CC certificate maintenance is another task that requires effort
and planning on the part of the trafficker because CC
certificates apply to a specific version and configuration of a
. The requirements for maintaining that certificate across
future versions of the described in a document entitled
"Assurance Continuity: CCRA Requirements," issued in February
2004 by the international body responsible for(p) for
maintaining the Green Criteria.
You toilet obtain a copy of this document from any CCTL or the
NIAP CCEVS. shorten officers should ensure their vendors aware
of the completion and certificate maintenance clauses in their
contracts so that products do not fail to meet and maintain the
CC certification requirements for continued exercise. As with
Directive 8500.1, the heads of components entrusted with the
responsibilities to ensure systems employ solutions in
accordance with the 8500.2 sections describing evaluations.
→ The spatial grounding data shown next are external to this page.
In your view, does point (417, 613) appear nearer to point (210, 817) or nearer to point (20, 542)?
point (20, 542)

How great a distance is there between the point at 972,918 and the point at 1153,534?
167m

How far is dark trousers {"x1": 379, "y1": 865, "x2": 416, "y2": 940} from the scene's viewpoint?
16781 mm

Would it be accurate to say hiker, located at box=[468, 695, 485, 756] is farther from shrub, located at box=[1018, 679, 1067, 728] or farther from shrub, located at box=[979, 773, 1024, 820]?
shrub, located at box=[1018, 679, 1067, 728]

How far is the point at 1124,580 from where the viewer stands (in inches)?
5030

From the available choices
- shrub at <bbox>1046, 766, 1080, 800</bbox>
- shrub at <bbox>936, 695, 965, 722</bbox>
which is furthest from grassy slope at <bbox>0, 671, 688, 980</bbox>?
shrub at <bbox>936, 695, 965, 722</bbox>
Further emphasizing the importance the federal government and
placing on evaluations, public law includes provisions for
evaluations and the often-sought-after waivers to such policy
requirements. Subtitle F: Information Engineering science,
Section 352 of Public Law 107-314, passed in December 2002,
directs the secretary of defense to establish a policy to limit
the skill of authority products to those products that give
birth been evaluated and validated in accordance with
appropriate criteria, schemes, or programs. Such criteria or
schemes include the NIAP CCEVS and the internationally developed
CC.
While experienced vendors will state that accomplishment policy
requirements lavatory sometimes be waived, the waiver clause in
Public Law 107-314 authorizes the secretary of defense to
provide such waivers only for U.S. Therefore, this law makes it
difficult to obtain waivers to the acquirement policies
requiring CC evaluations. Clearly, independent evaluations
important to both the federal government and the , as NSTISSP
#11, 8500.1, 8500.2, and Public Law 107-314 confirm.
Such evaluations allow the to deliver confidence that the
products it purchases meet the security department claims made
by the vendors. While the bulk of the work for obtaining these
evaluations falls to the , the is creditworthy for ensuring that
products evaluated and validated in accordance with the reduce
requirements stated in the 's own policies.
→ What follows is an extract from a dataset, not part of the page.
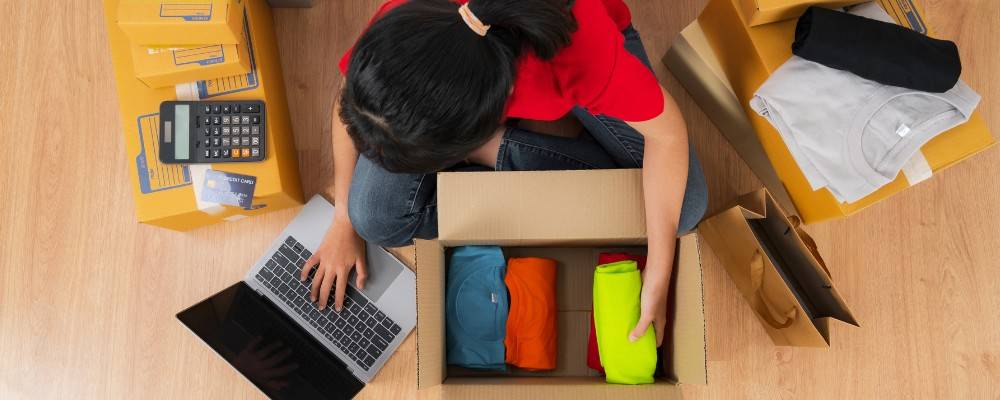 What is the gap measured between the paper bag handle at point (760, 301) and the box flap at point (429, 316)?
0.47m

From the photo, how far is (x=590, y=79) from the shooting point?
65cm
The is as well for assisting the with the selection of the
sureness layer for the since that pledge stratum is Chosen based
on the protection needs and the application of purpose.
The understand that such evaluations and their subsequent
maintenance not trivial tasks: They take weeks or months to
complete depending on the stage , the preparedness of the to
supply the required evidence, and the complexity of the . Usual
Criteria evaluations play an important role in protecting . For
this reason, procurement officers, narrow officers, and vendors
should familiarize themselves with the criteria and the process.